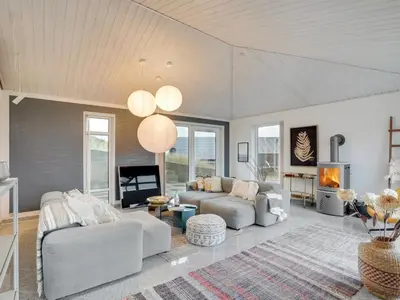 a living room with white furniture and a fireplace at Holiday Home Fris - 100m from the sea by Interhome in Torsted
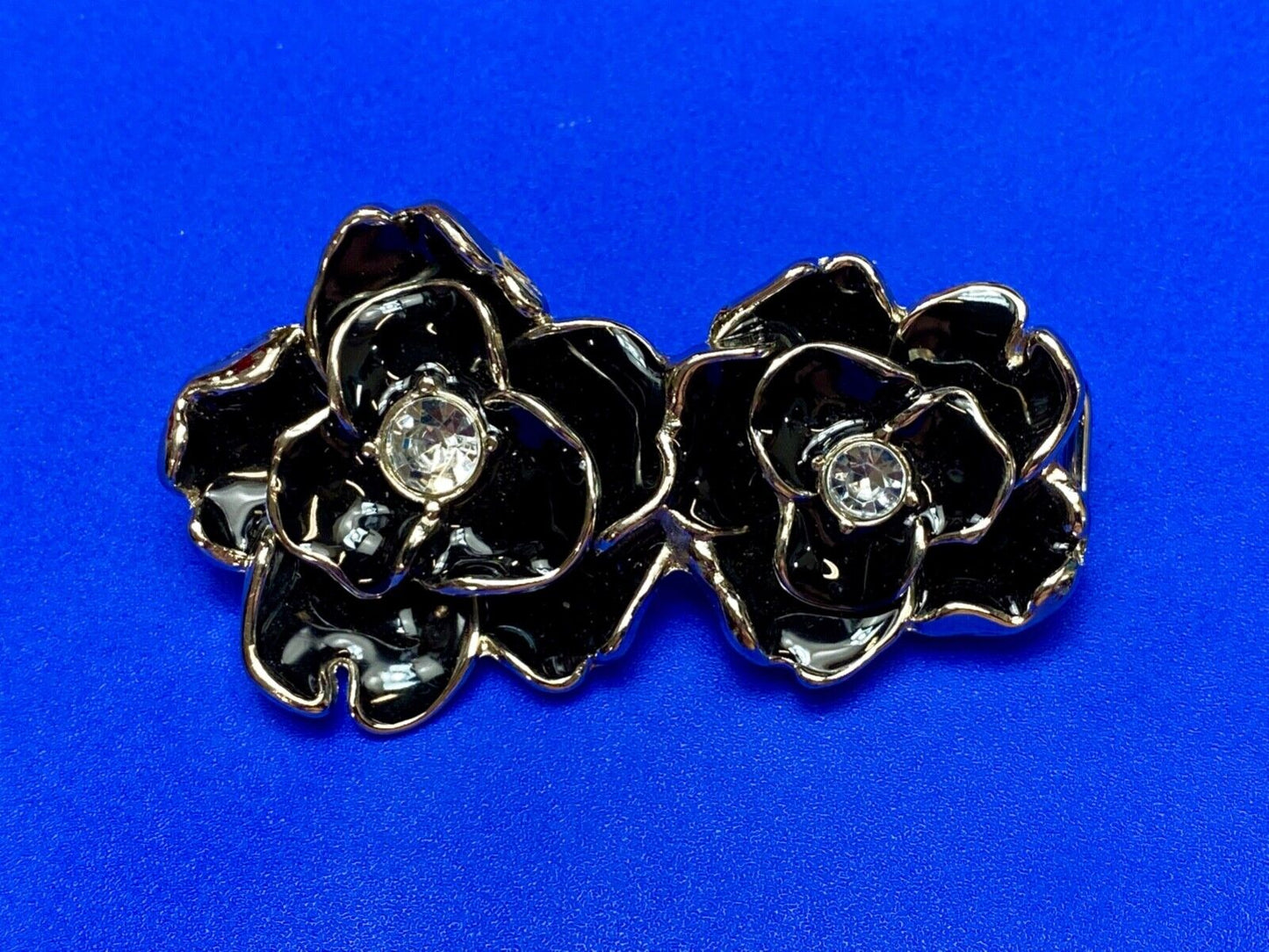 Beautiful two figural flowers with jewels as black & silver colored belt buckle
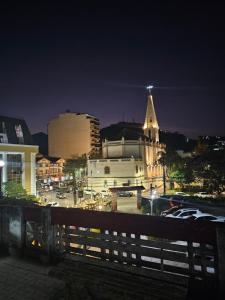 uma vista de uma cidade à noite com uma igreja em Várzea Palace Hotel em Teresópolis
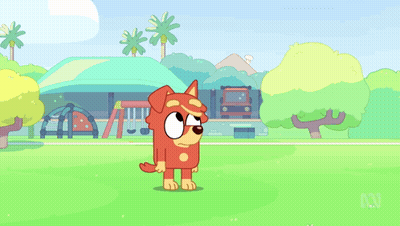 Dog Standing In Front Of Playground GIF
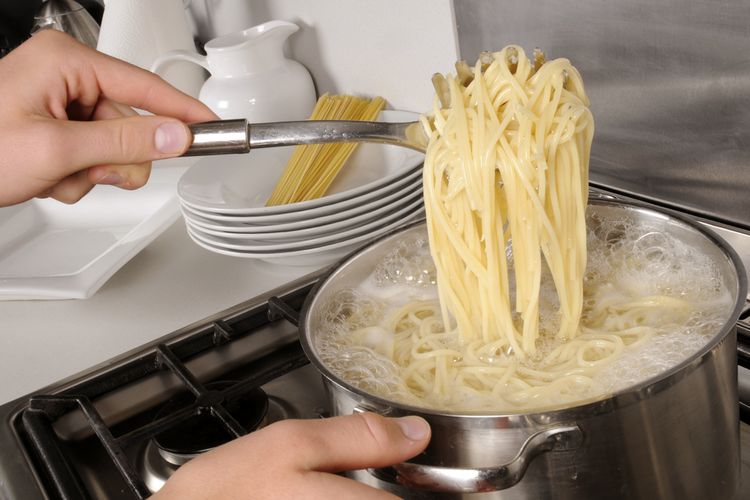 Ilustrasi rebus spageti dalam air mendidih. 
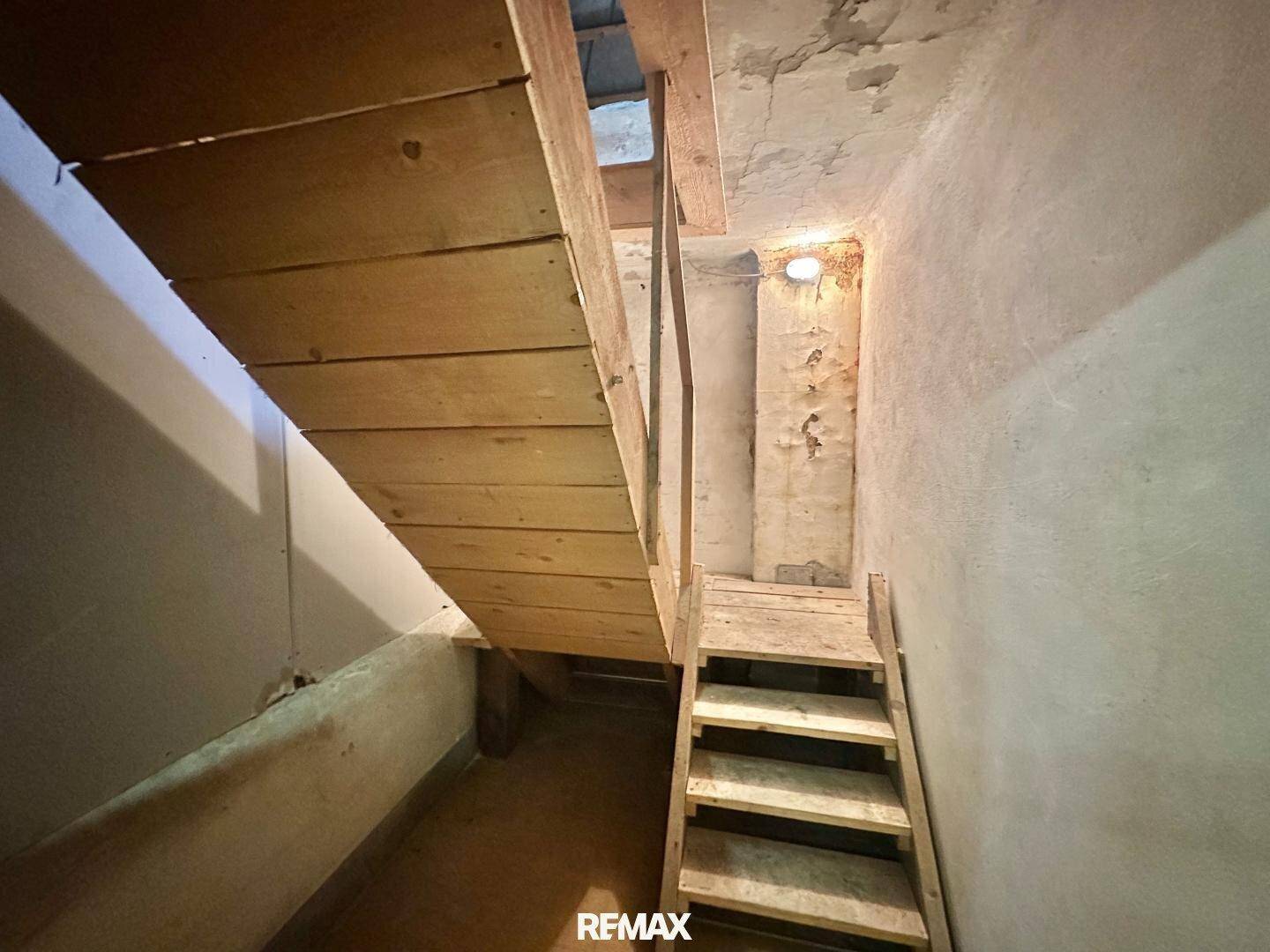 Rustikale Holztreppe in einem unfertigen Bereich mit rauen Wänden.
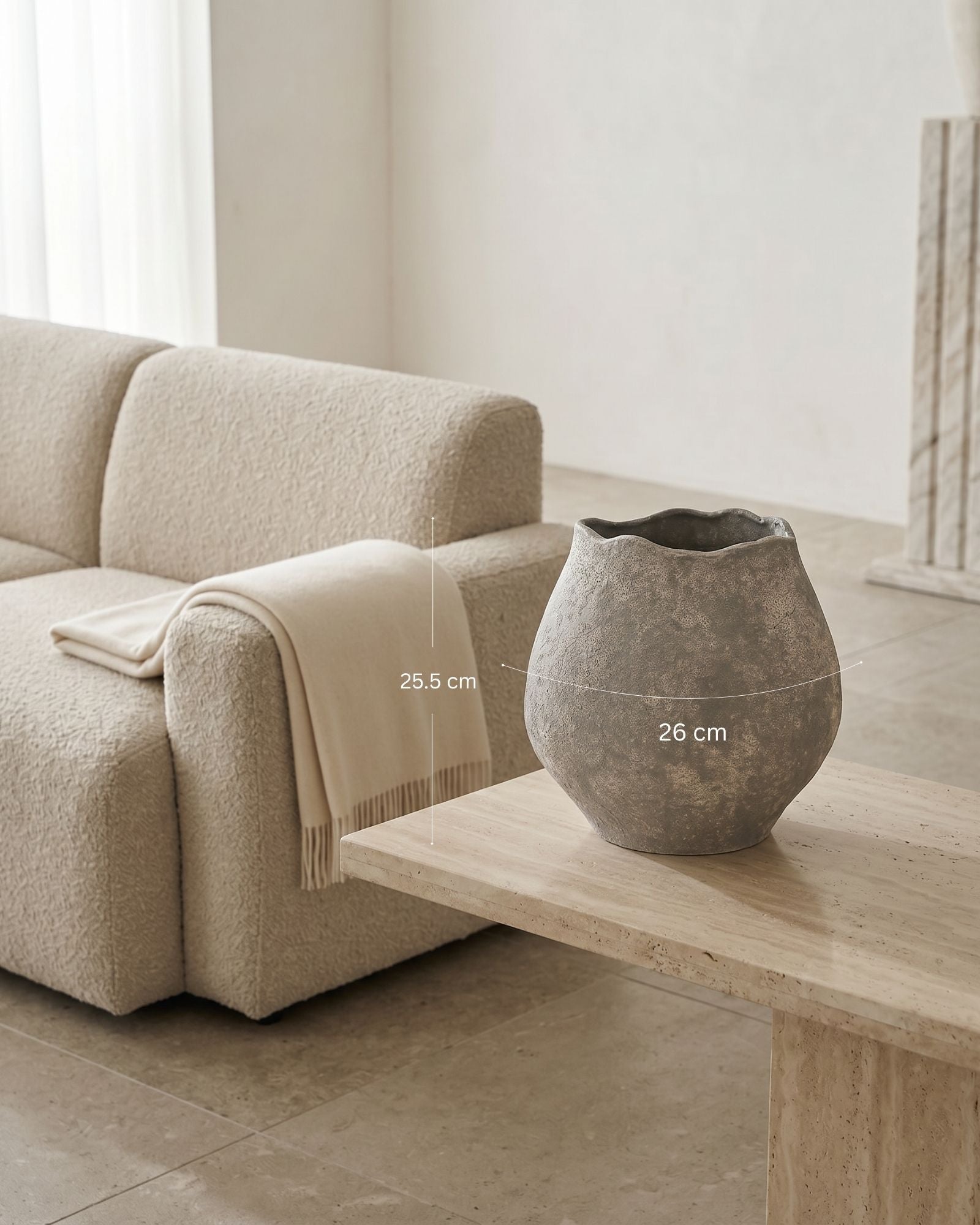 Beige sofa with a blanket and a stone vase on a wooden table in a minimalistic room.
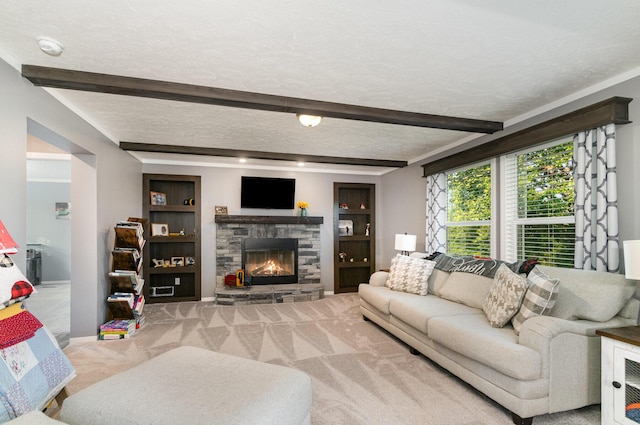 carpeted living room with a stone fireplace, beam ceiling, built in features, and a textured ceiling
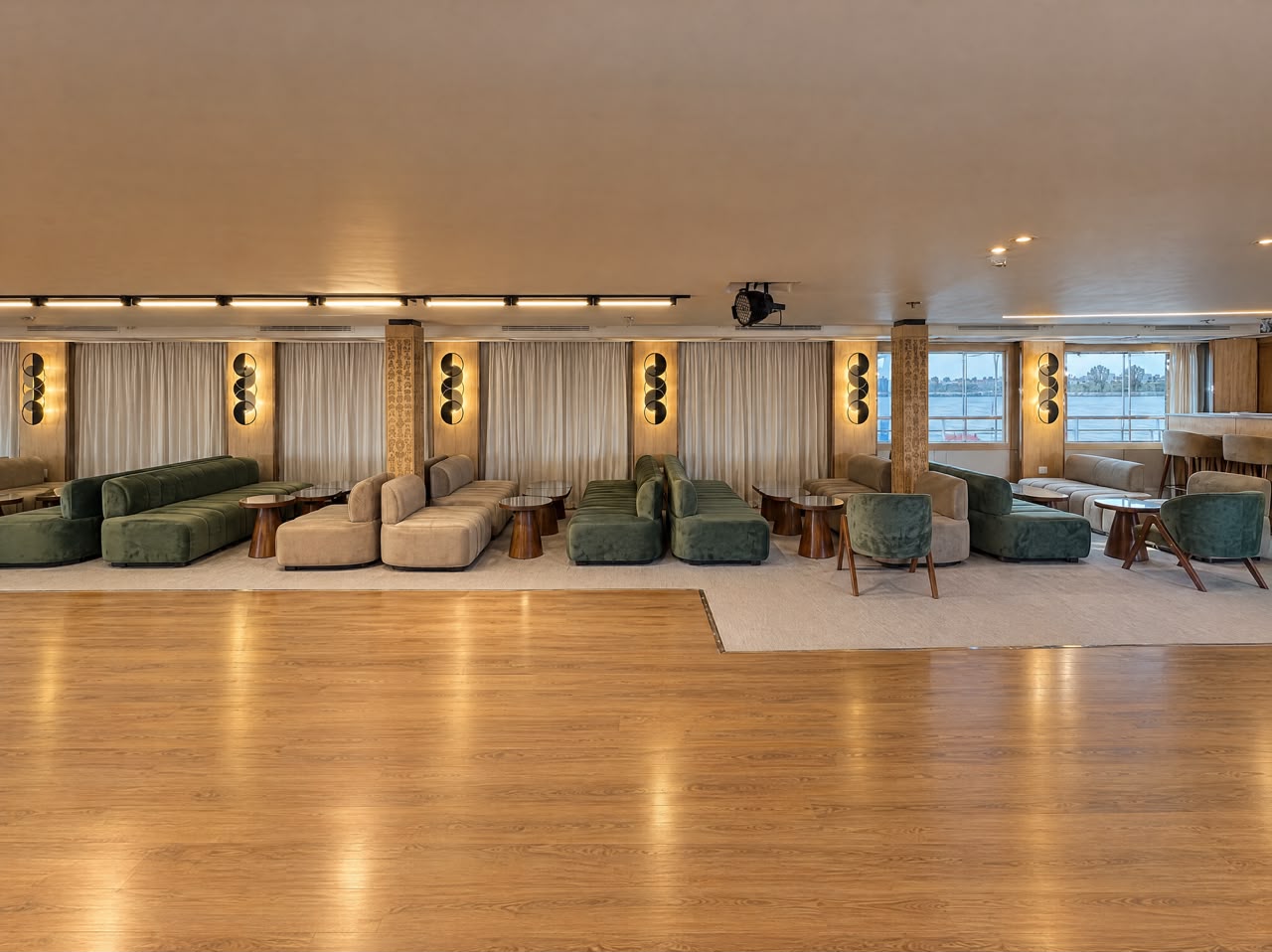 Green velvet sofas and wooden dance floor in the Moletnela lounge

#### Task objective:
Go to the line above holding "Dog Standing In Front Of Playground GIF", then copy exactly each line down to and including the one holding "Beige sofa with", leaving pictures out.

#### Result of this task:
 Dog Standing In Front Of Playground GIF
 Ilustrasi rebus spageti dalam air mendidih. 
 Rustikale Holztreppe in einem unfertigen Bereich mit rauen Wänden.
 Beige sofa with a blanket and a stone vase on a wooden table in a minimalistic room.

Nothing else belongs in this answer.